How it works: Airflow fetches the current check definitions from the Qarion API, triggers each check against your data source, and fails the task if any check doesn't pass. Because check definitions live in Qarion, data stewards can update thresholds, add new checks, or change schedules through the UI without touching the DAG code.

Tip: For product-scoped checks, use client.quality.list_for_product(space_slug, product_slug) to trigger only the checks linked to the product your DAG just refreshed.


Pattern 2: Config File Quality Checks

Use this when you define quality checks in a YAML configuration file alongside your transformation code. This is ideal for checks-as-code workflows where rules are version-controlled and reviewed through pull requests.

@task()
def apply_and_run_dq_config(config_path: str) -> dict:
"""Sync check definitions from YAML and execute them."""
from qarion import QarionSyncClient
from qarion.models.dq_config import DqConfig
from airflow.models import Variable

client = QarionSyncClient(api_key=Variable.get("qarion_api_key"))

# Parse the YAML config
config = DqConfig.from_yaml(config_path)

# Step 1: Validate — catch structural errors early
errors = client.quality.validate_config(config)
if errors:
raise ValueError(f"Config validation failed: {errors}")

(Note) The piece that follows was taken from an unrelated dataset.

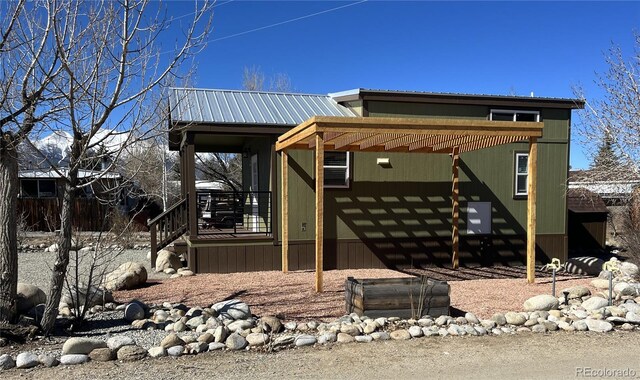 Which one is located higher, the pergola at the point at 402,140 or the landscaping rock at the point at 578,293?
the pergola at the point at 402,140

# Step 2: Apply — upsert check definitions (idempotent)
summary = client.quality.apply_config(config)
print(f"Created: {len(summary['created'])}, "
f"Updated: {len(summary['updated'])}, "
f"Unchanged: {len(summary['unchanged'])}")

# Step 3: Run — execute all checks and record results
results = client.quality.run_config(config)

client.close()

failed = [r for r in results if not r.is_passed]
if failed:
raise ValueError(f"{len(failed)} quality check(s) failed")

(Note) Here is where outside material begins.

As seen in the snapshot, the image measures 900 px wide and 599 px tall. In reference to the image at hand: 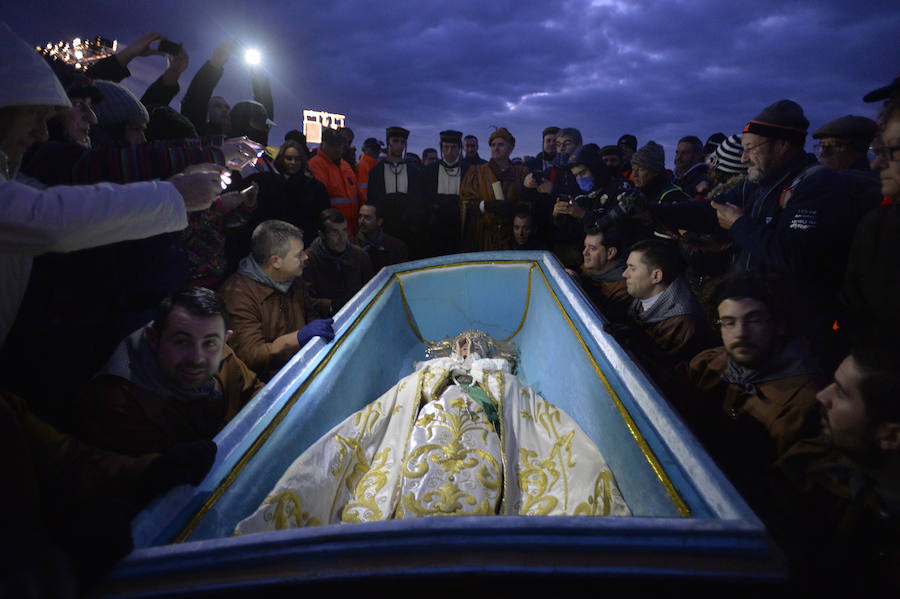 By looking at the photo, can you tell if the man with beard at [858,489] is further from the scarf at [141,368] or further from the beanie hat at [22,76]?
the beanie hat at [22,76]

return {"total": len(results), "passed": len(results) - len(failed)}

Your YAML config file (qarion-dq.yaml) lives in your repository:

version: "1.0"
space: warehouse-prod

defaults:
connector: warehouse-snowflake
schedule: "0 6 * * *"

checks:
- slug: orders-row-count
name: Orders Row Count
type: sql_metric
query: "SELECT COUNT(*) FROM analytics.orders"
product: orders-table
thresholds:
operator: gte
value: 1000

- slug: orders-freshness
name: Orders Freshness
type: freshness_check
product: orders-table
configuration:
field_name: updated_at
table_name: analytics.orders
max_age_hours: 24

- slug: users-email-not-null
name: Users Email Not Null
type: null_check
product: users-table
configuration:
field_name: email
table_name: analytics.users

See the full DQ Config reference for all supported check types, thresholds, and parameters.

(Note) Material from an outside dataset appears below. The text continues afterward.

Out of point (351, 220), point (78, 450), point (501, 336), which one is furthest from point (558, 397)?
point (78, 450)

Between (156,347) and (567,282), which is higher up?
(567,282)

Pattern 3: Push External Results

Use this when your pipeline already performs its own data validation (e.g., Great Expectations, dbt tests, custom scripts) and you want to register the results in Qarion for centralized visibility, alerting, and trend tracking.

There are two methods depending on whether the check already exists in Qarion:

Push to an existing check

If the check is already registered in Qarion (via UI or config file), use push_result:

@task()
def push_dbt_test_results(space_slug: str, dbt_results: dict):
"""Push dbt test results to Qarion as quality check executions."""
from qarion import QarionSyncClient
from airflow.models import Variable

client = QarionSyncClient(api_key=Variable.get("qarion_api_key"))

for test in dbt_results["results"]:
# Map dbt test name to a Qarion check slug
check_slug = test["unique_id"].replace(".", "-")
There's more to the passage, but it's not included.